A second reason why the over-60 crowd is dropping out of church is because our culture has changed so rapidly, and churches are reactive rather than proactive in negotiating these changes.
Church, they argue, is supposed to be a safe place that helps families transition into a future-looking faith, but not force it.
The prevailing feeling is that an encroaching culture of change in the digital age has dumbed down faith. Add to that narrative the perception that preaching now focuses on self-help gimmickry rather than “Bible-based preaching” (not my words), then it seems the church has lost its way.
A third reason our seasoned saints no longer attend church is that they are busy like everyone else. This has to do with the changing landscape of family life and split families.
Whereas families used to live in the same neighborhoods and attend the same churches, many families are spread across the state or the nation.
Grandparents have to travel in order to visit adult children and grandchildren.
The effects of cultural shifts, anxious churches trying to attract younger churchgoers, and a transient family landscape has led to the decline of older generation attendance.
Frankly, we have not balanced the need to change with the honoring of traditions that have brought stability over the years. In reaching for one generation, we’ve left another behind by taking people for granted.

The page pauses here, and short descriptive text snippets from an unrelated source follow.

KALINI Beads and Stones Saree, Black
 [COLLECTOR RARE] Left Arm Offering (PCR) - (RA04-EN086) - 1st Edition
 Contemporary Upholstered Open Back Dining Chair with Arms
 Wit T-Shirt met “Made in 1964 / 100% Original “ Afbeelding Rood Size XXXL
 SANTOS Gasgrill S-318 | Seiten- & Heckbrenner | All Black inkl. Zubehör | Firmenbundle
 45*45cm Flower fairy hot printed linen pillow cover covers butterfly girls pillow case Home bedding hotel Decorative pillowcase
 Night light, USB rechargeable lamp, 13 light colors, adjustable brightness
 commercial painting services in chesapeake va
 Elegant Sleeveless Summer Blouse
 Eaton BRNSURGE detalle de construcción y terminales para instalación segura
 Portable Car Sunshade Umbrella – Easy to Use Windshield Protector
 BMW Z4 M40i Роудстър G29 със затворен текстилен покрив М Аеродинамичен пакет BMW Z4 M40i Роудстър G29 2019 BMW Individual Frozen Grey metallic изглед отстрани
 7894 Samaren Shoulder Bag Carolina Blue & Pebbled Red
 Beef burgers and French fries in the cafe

Perhaps it’s time for us to right the ship, take a hard look at the cost of change, and be the presence of Christ for every generation that values joining God at work in the world rather than simply meeting God within the walls of a church.
When it comes to worship and Christ’s mission, no one should be left behind.
We have the opposite problem, this region is particularly traditional so the churches are filled with the approaching and over sixty crowd, but there’s pretty much no youth. When they have the option about whether or not to come, most of them just don’t show up. The worship here is still singing hymns, which just don’t connect with the youth. The sermons here are the same old sermons that have been preached for years. Some churches don’t even bother to have a college age class or young adult class. The churches that tried to balance contemporary with traditional ended up in a tug-of-war where traditional won. I’m afraid that this is the future for any church who tries to swing back toward tradition.
Generally I agree with your comments, and you & I have discussed this… The average age in the US is 37. Churches seek an under 25 demographic. I have often asked, “What about the 75% of us who are over 25? Do you intend for them to go to hell?